Уингейт был рад познакомиться с оптимистической точкой зрения. Арабское восстание было его мечтой долгие годы. Пока я был в Хартуме, случайность наделила его властью играть главную роль. Действия против назначения главнокомандующим Макмагона были успешными, и дело кончилось тем, что его отозвали в Англию. Вместо него в Египет был назначен сэр Реджинальд Уингейт. Таким образом, с комфортом проведя два или три дня в Хартуме, отдохнув и прочитав в гостеприимном дворце «Смерть Артура», я отправился в Каир с сознанием того, что ответственное лицо получило мой полный отчет. Путешествие по Нилу было настоящим праздником.
Египет, как обычно, был головной болью «рабегского вопроса». Сюда поступили несколько аэропланов, и обсуждался вопрос о том, следует ли посылать вслед за ними войсковую бригаду или нет. Начальник французской военной миссии в Джидде полковник Бремон (коллега Уилсона, но с более широкими полномочиями, потому что на практике изучил туземные способы ведения войны, принесшие успех во Французской Африке, бывший начальник штаба корпуса на Сомме) упорно настаивал на высадке союзных войск в Хиджазе. Чтобы соблазнить нас, он доставил в Суэц кое-какую артиллерию, несколько пулеметов, а также небольшие контингенты кавалерии и пехоты, укомплектованные рядовым составом из алжирских мусульман, с французскими офицерами. Приданные британским войскам, они укрепили бы международные силы.

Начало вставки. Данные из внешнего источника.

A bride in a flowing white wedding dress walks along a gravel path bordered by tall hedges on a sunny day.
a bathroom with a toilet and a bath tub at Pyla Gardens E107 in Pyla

Ложная оценка Бремоном тяжести положения в Аравии произвела впечатление на сэра Реджинальда. Уингейт был британским генералом, командиром так называемого экспедиционного корпуса сил Хиджаза, в котором в действительности было мало офицеров связи и лишь горстка снабженцев и инструкторов. Если бы Бремон добился своего, он возглавил бы полноценную бригаду смешанных британских и французских войск, применяя свою любимую тактику, сочетающую ответственность и быстроту решений. Поскольку мой опыт понимания чувств арабов, живших на территории племени харбов, позволил мне выработать твердое мнение по «рабегскому вопросу» (большинство моих выводов было действительно солидно обосновано), я написал генералу Клейтону, к чьему Арабскому бюро был тогда официально прикомандирован, резкую памятную записку. Клейтон принял мою точку зрения, что племена могли бы оборонять Рабег долгие месяцы, если бы получили советников и винтовки, но они, несомненно, снова разбегутся по своим шатрам, как только услышат о высадке иностранных войск. Более того, планы интервенции были неразумны с технической точки зрения, потому что никакой бригады не хватило бы для обороны этой позиции, для прекращения водоснабжения турок и блокирования дороги на Мекку. Я обвинял полковника Бремона в том, что он руководствуется своими личными, не военными мотивами и не принимает в расчет ни арабские интересы, ни значение восстания для нас. Я процитировал его слова и действия в Хиджазе в качестве свидетельства против него. Они добавили убедительности моему докладу.